At the moment, Tony is focusing more on services that can’t be bought online: repair of surfboards and stand-up paddleboards and surfing and paddleboarding lessons. Surf lessons for total beginners start off right in the Radfish store, where Tony brings out his invention: a one-of-a-kind “surf simulator.” He puts a surfboard on the simulator and the student then has to “surf” on it correctly to avoid falling off. He said it’s easier to learn the basics in the shop—rules like “stay on the center of the board” and “don’t look down”—before going outside to the big ocean and all of its distractions.

When it comes to board repairs, Stearns said he can fix about anything himself.

Growing up in Malibu was great, Tony remembers. Back in the day, the 22-foot-tall La Salsa man on PCH (you know the one) used to be a Hickory Burger man wearing a white chef’s hat and holding a burger. 

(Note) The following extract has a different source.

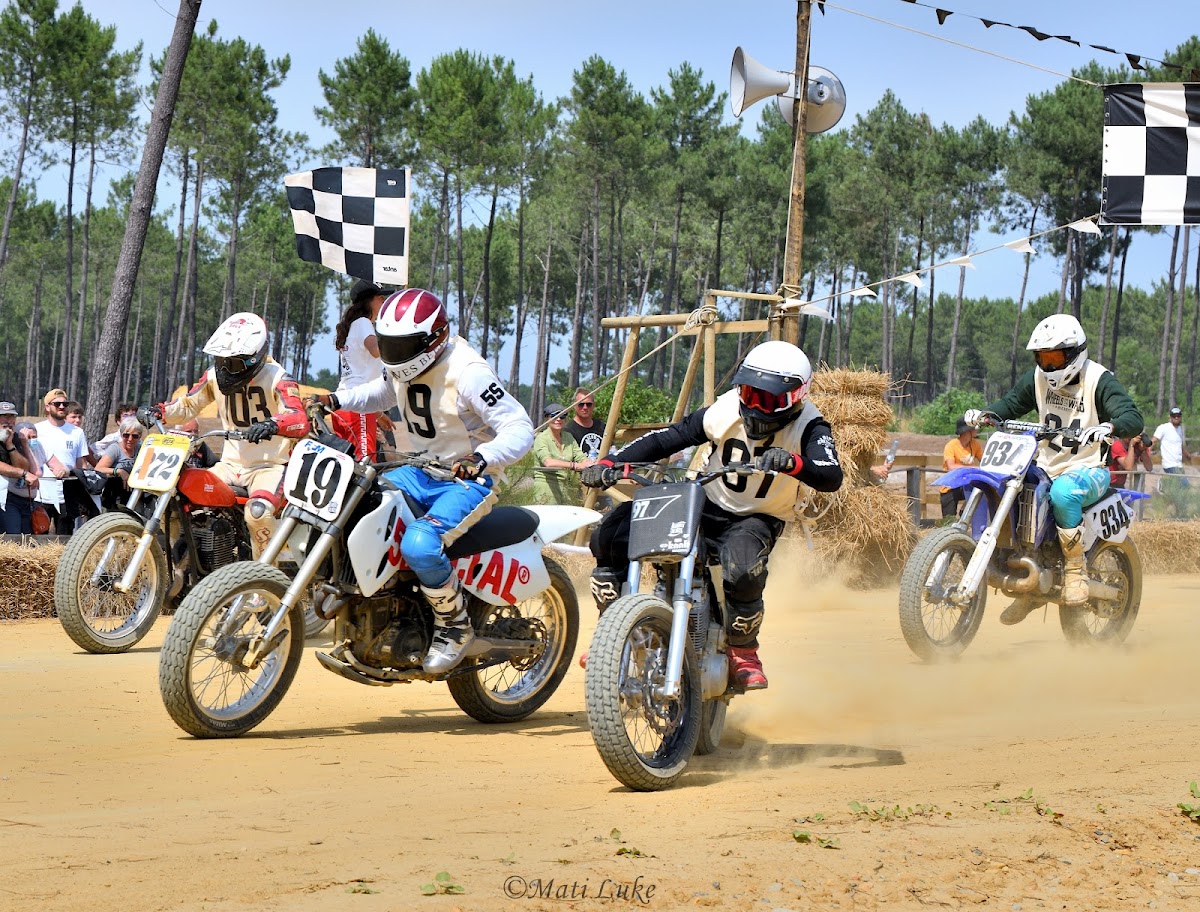 Terrain de motocross à Magescq — photo 3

Stearns attended Webster Elementary and Malibu Park Junior High with other longtime locals in his class, including Andy Lyon and Matt Rapf. 

“Malibu was a party town with no supervision,” he said of his high school years.

He’d learned to surf right after moving to Malibu at the age of six, with a secondhand knee board, and also picked up skateboarding.

“Unfortunately, I learned to surf ‘goofy foot’ because no one was teaching me,” Stearns recalled (“Goofy foot” is a right-foot-forward surfing stance). “I finally switched to the [left] foot forward, and by the time I was 12, I was doing top-of-the-line surfing.” He was good enough to have sponsors “all through school.”

Stearns spent six years in the Navy, where he learned diving and went to SEAL school, lived in Maui for a time running a wind surfing concession and photo service, then returned to Malibu and taught windsurfing.

Tony has seen the town change after living here for much of the last five decades.

“Malibu had about the same 5,000 people living here full-time up until about 20 years ago. Now there’s so much big and new money, and new, entitled people have moved in,” he observed.